9. The storage device according to claim 1, further comprising a
connector coupling the second component to the first component,
wherein the second component is detachably connected to the
connector.
10. The storage device according to claim 1, further comprising a
connector coupling the first component to the wiring, wherein the
first component is detachably connected to the connector.

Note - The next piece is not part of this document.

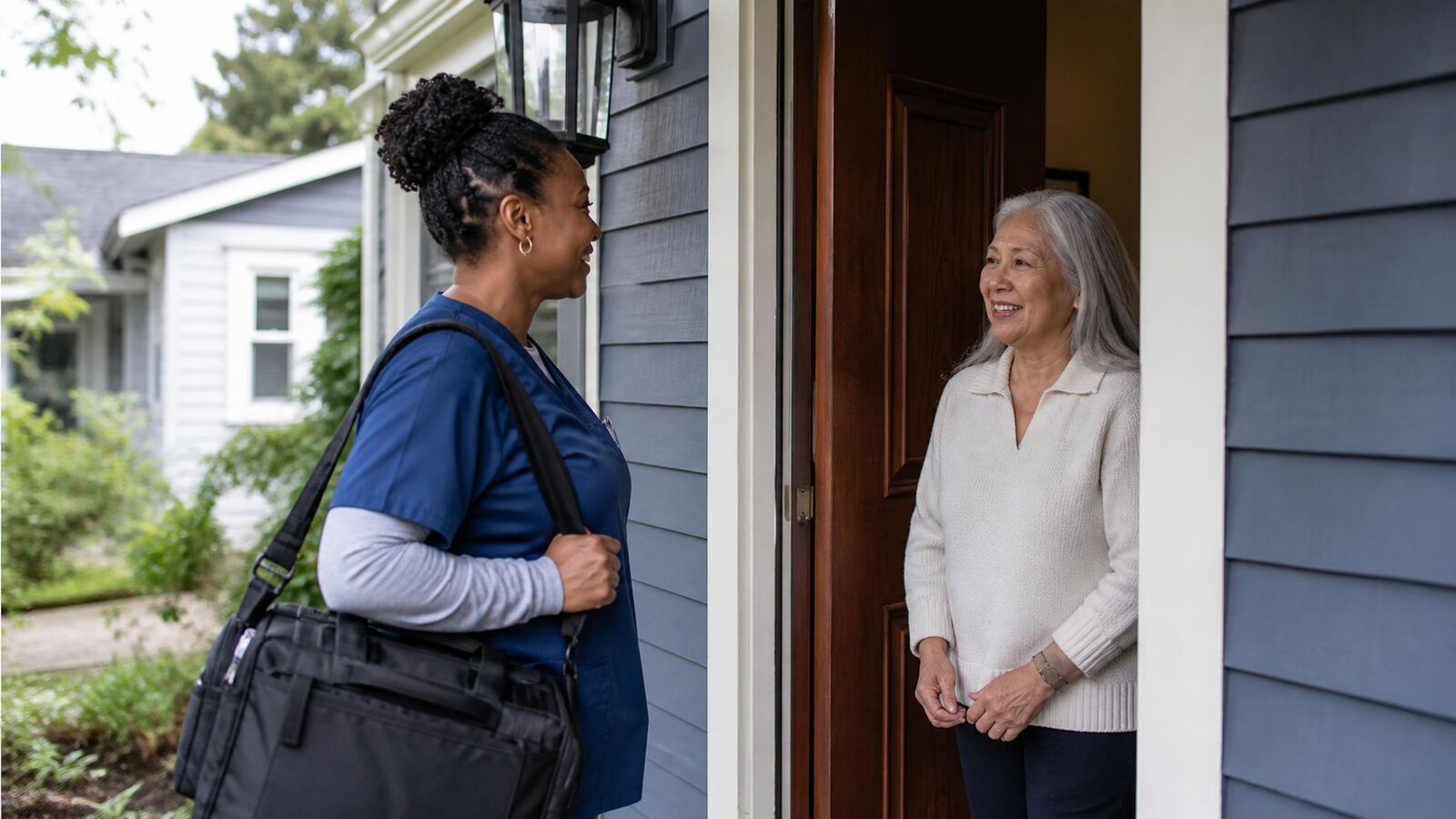 A home health visit, at the front door.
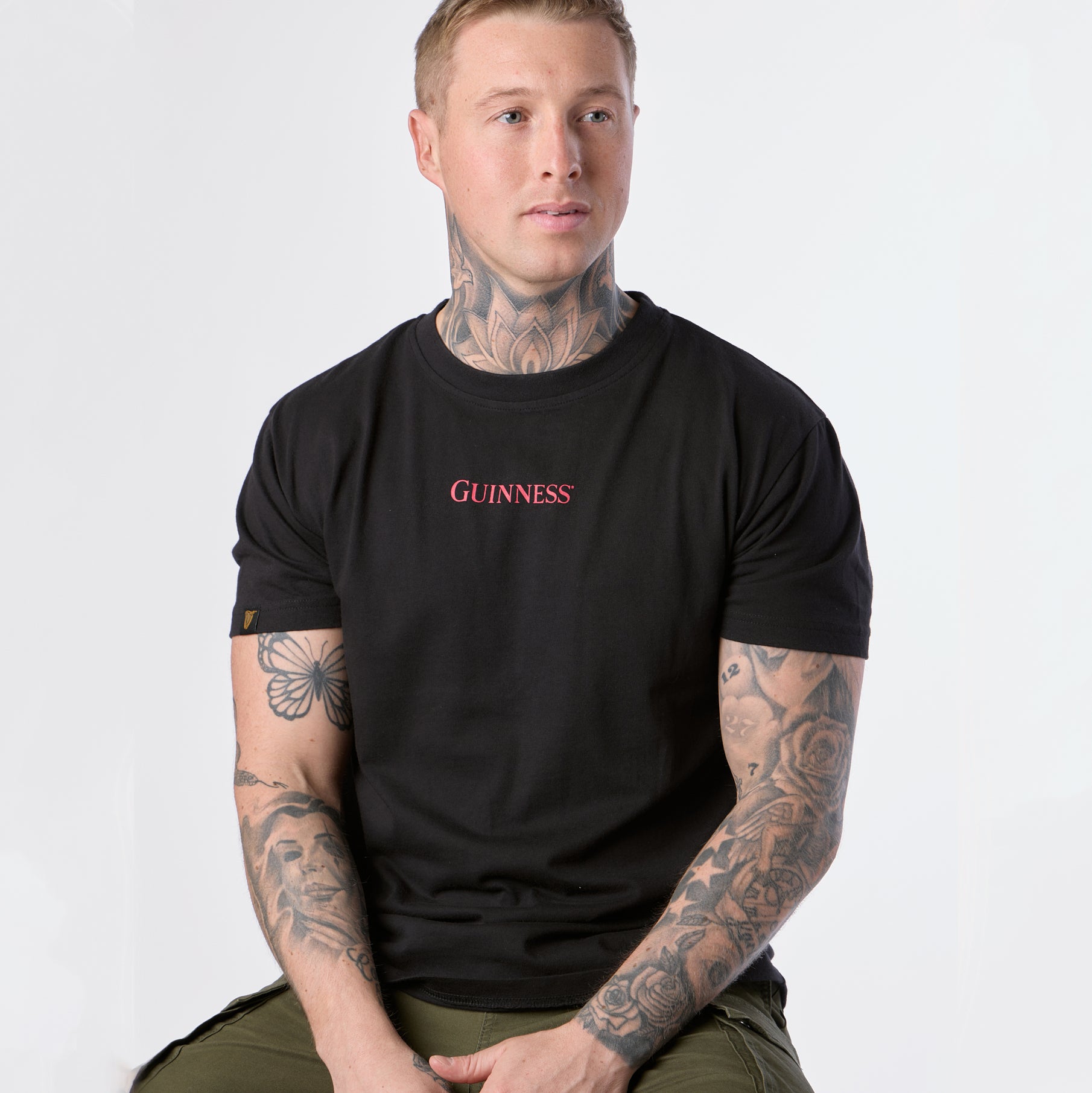 A tattooed man with short hair sits slightly turned to the side, wearing the black Guinness Gilroy Ostrich Tee from Guinness Webstore US and green pants, set against a plain white background.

11. The storage device according to claim 1, wherein the wiring is
disposed on a second surface of the substrate opposite to the first
surface.
12. A storage device, comprising: a substrate having a first
surface and a second surface opposite to the first surface; at
least one semiconductor device including a storage unit disposed on
the first surface; a wiring disposed on the second surface of the
substrate; a heat pipe, disposed over the semiconductor device,
including a first portion separated from the first surface; and at
least one capacitor coupled to the heat pipe, wherein the at least
one capacitor is electrically coupled to the semiconductor device
through the heat pipe and the wiring.
13. The storage device of claim 12, wherein the capacitor is
configured to supply electric charges to the semiconductor device
during power loss.
14. The storage device of claim 12, wherein the heat pipe includes
a first conductive portion and a second conductive portion that are
electrically insulated from each other.
15. The storage device of claim 14, wherein the heat pipe further
includes an insulating portion disposed between the first
conductive portion and the second conductive portion.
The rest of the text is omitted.